_EXERCISE INPUTS_:
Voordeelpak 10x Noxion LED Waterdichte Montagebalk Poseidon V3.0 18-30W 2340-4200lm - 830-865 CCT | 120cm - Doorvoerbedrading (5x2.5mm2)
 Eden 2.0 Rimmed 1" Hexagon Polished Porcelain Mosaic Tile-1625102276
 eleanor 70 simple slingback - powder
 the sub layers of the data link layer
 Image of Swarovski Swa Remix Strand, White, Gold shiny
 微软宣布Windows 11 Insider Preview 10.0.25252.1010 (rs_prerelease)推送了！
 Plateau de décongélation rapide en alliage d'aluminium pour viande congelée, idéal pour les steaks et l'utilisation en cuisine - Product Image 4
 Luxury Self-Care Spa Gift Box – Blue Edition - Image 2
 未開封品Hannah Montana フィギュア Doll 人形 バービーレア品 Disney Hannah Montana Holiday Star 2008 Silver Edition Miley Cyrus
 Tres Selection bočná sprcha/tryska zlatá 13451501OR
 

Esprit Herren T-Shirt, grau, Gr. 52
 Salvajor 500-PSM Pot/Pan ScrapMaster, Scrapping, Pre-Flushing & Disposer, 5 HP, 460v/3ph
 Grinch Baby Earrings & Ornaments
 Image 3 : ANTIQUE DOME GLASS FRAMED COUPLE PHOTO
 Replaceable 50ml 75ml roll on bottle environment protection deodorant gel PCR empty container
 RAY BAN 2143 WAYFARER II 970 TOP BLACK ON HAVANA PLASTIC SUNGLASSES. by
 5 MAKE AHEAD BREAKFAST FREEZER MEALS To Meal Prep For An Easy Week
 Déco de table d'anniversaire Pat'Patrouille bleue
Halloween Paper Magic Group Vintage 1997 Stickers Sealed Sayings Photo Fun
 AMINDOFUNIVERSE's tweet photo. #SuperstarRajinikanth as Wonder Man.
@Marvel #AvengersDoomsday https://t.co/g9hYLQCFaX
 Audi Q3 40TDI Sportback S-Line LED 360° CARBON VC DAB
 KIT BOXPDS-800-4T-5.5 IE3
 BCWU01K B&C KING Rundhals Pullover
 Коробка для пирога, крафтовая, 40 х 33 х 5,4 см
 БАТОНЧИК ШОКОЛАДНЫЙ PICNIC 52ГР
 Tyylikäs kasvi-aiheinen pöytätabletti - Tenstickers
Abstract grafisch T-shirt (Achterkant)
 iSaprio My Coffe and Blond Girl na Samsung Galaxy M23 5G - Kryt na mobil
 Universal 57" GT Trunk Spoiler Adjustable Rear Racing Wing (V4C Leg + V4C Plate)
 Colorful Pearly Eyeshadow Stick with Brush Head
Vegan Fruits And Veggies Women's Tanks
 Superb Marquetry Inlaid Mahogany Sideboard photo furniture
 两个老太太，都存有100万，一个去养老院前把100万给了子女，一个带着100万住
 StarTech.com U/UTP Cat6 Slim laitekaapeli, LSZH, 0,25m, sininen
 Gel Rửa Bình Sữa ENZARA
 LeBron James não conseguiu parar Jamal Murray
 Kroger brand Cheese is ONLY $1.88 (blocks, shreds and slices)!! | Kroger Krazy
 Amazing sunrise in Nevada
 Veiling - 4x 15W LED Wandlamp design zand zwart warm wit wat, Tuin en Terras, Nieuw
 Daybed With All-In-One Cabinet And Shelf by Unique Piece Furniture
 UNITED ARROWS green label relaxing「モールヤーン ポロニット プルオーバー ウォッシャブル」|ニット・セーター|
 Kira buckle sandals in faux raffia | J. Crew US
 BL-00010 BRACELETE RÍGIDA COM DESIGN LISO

_HOW TO COMPLETE THIS TASK_: In the data above, start at the line that has "Коробка для пирога, крафтовая, 40", stop after the line that has "iSaprio My Coffe", and print every line in between exactly as it stands.

_TASK SOLUTION_:
 Коробка для пирога, крафтовая, 40 х 33 х 5,4 см
 БАТОНЧИК ШОКОЛАДНЫЙ PICNIC 52ГР
 Tyylikäs kasvi-aiheinen pöytätabletti - Tenstickers
Abstract grafisch T-shirt (Achterkant)
 iSaprio My Coffe and Blond Girl na Samsung Galaxy M23 5G - Kryt na mobil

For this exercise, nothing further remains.